Plaid Cymru calls for improved veterans’ care on Armistice Day centenary
Plaid Cymru’s Westminster Leader, Liz Saville Roberts MP, has said that Welsh veterans are being let down by both the Welsh and Westminster governments.
In September Plaid Cymru uncovered statistics that showed that across the UK 66,000 veterans are either homeless, in the justice system or suffering with mental health conditions. The information obtained through a combination of parliamentary questions and research from military charities and academic research shows that former armed forces personnel are being let down by the Westminster Government, and are disproportionately represented compared to the general public, in homelessness, mental health and justice system statistics.
Ms Saville Roberts has also campaigned for residential veterans’ care to be made available in Wales. There is currently no residential treatment facilities for veterans in Wales. The only easily accessible facility, Audley Court in Shropshire announced at the end of 2017 that it would stop offering residential treatments.
The Dwyfor Meirionnydd MP has called on the Welsh Government to “put its money where its mouth is” and fund residential treatment facilities for veterans, which are shown to have profound benefits for treating mental health issues and helping veterans live fruitful lives following military service.

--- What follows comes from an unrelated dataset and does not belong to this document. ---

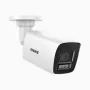 ANNKE C1200 4K 12MP POE Bullet HIKVISION Външна охранителна камера с двойно осветление, снимка 1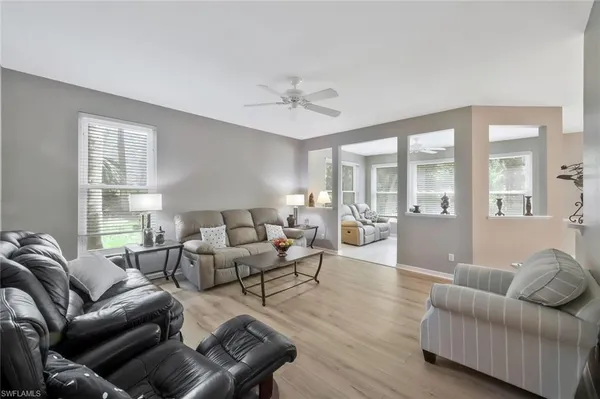 $389,000 | 1340 Charleston Square Drive, Unit 101, Naples, FL 34110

Liz Saville Roberts, who will be representing Plaid Cymru at the Cenotaph in London today, said:
“Today we remember the sacrifices made by so many in order for us to be here today. Their legacy will never be lost to history and their sacrifice should never be underestimated.
“It is not just words that best honours their memory – we need actions too. Action so that their fellow servicemen and women are today treated with the dignity and respect they deserve.
“It is shocking that in twenty first century Britain 66,000 veterans are either homeless, in the justice system or suffering with mental health conditions. We may not forget those that gave their lives, but for today’s suffering veterans it’s a case of out of sight, out of mind.
“With no residential care facilities for veterans in Wales, and the last facility within reasonable distance across the border closing, the Welsh Government needs to put its money where its mouth is and invest in the services that make a difference to veterans lives.
“Fundamentally, Welsh veterans are being let down by governments in Cardiff and London.”
- The information provided by Plaid Cymru suggests that some 10,000 veterans are either in prison, on parole or under the supervision of the probation service; around 50,000 are suffering with mental health conditions and a further 6,000 are homeless.